Бибар медленно опустил глаза, затем голову. Руссо отнял палец, и очки снова сползли ему на нос.

— Кто из вас всерьез изучал папки старика Канаси «Собака», «Волк», «Теленок», «Корова», «Свинья», «Выводок»?

— Пусть мне приплатят!

— Готов поручиться: кроме него, никто никогда их и не открывал, ни одна душа на свете…

— Напрасно ручаетесь!

— Кто же это?

— Я.

На исходе ночи подул теплый ветерок с Тихого океана, и его порывы приятно усиливали качку. Заметив, что никто не смеется, мадам Мото перестала давиться от смеха, прикрываясь обшлагами кимоно.
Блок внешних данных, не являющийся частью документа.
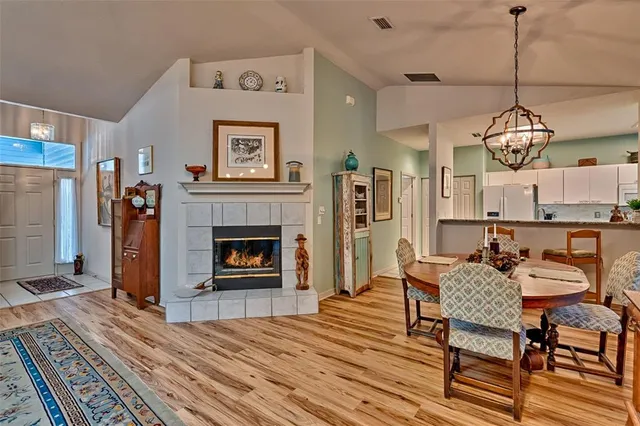 $385,000 | 4249 Northwest 37th Terrace, Gainesville, FL 32605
— Послушайте, Руссо, — начал директор школы с нежностью в голосе, — хватит с нас этих викторин. Есть занятия поинтереснее, чем обмен каверзными вопросами. В такой загадочной стране, как Япония, столь чуждой нам и всему тому, чему нас учили, нас всегда будет слишком мало, чтобы мы не затерялись, даже если возьмемся за руки так крепко, как воспитанники «Пятнадцати на двадцать».[28] Я готов допустить, что «Теленок», «Корова», «Свинья» дражайшего Канаси…

— Ками живут и в них, — вмешался наш хозяин. — В году примерно 1750-м Мотоори Норинага писал: «Ками — это не только человеческие существа, но и птицы, животные, растения, деревья, моря, горы и вещи, способные внушать страх или благоговение своей исключительной силой». Чтобы заслужить такое название, не обязательно обладать благородством, особой добротой или приносить благо человеку.
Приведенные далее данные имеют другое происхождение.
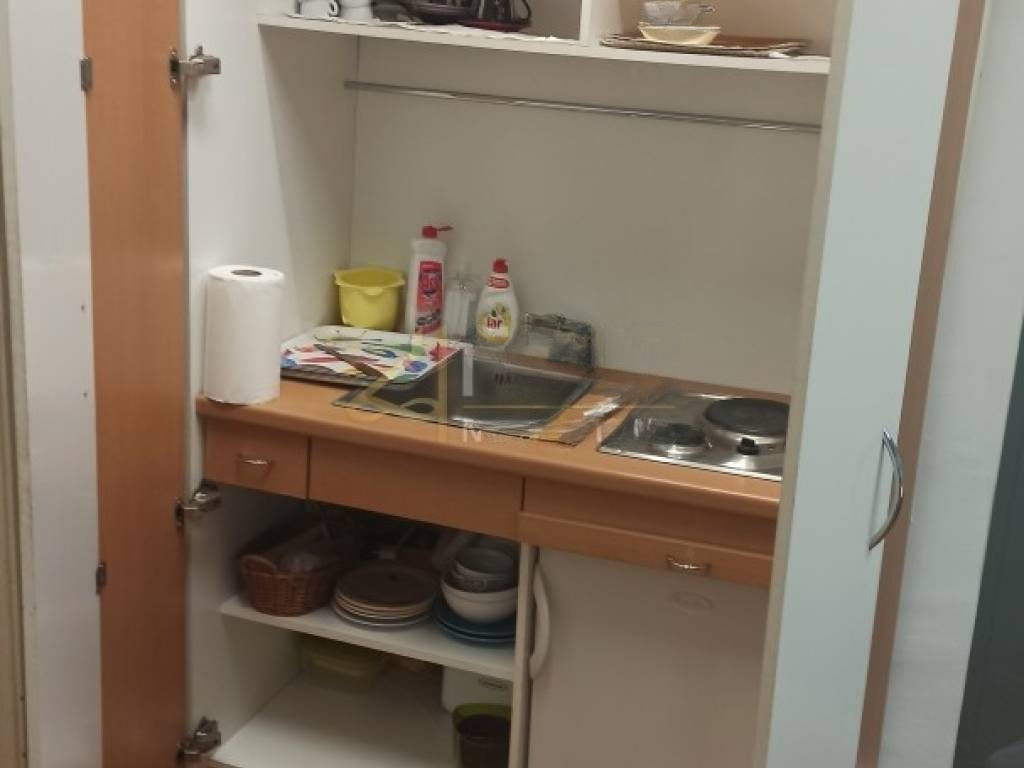 Квартира в Опатии, Хорватия, 60 м² - фото 17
Грянул гром, мадам Мото вздрогнула. Руссо, заговорщически улыбнувшись ей, пробормотал: «Нару ками, ками громыхает!» Сам громовержец может быть благодушным к исповедующему синтоизм. Вернув молодому учителю улыбку, мадам Мото шепнула мне на ухо: «Он хорошо знает японский, а, очень, очень хорошо!»

— Но при чем тут Мальро? — спросил директор.

— Прежде всего при чем животные?

— Не знаю, — ответил Руссо. — Возможно, в этом нет ни причины, ни логики в нашем понимании.

Тут мотор закашлял, зафыркал. Лодка пошла неровно. Пассажиры сердито посмотрели на двух матросов, управлявших ею, так как возвращаться домой уже не хотелось.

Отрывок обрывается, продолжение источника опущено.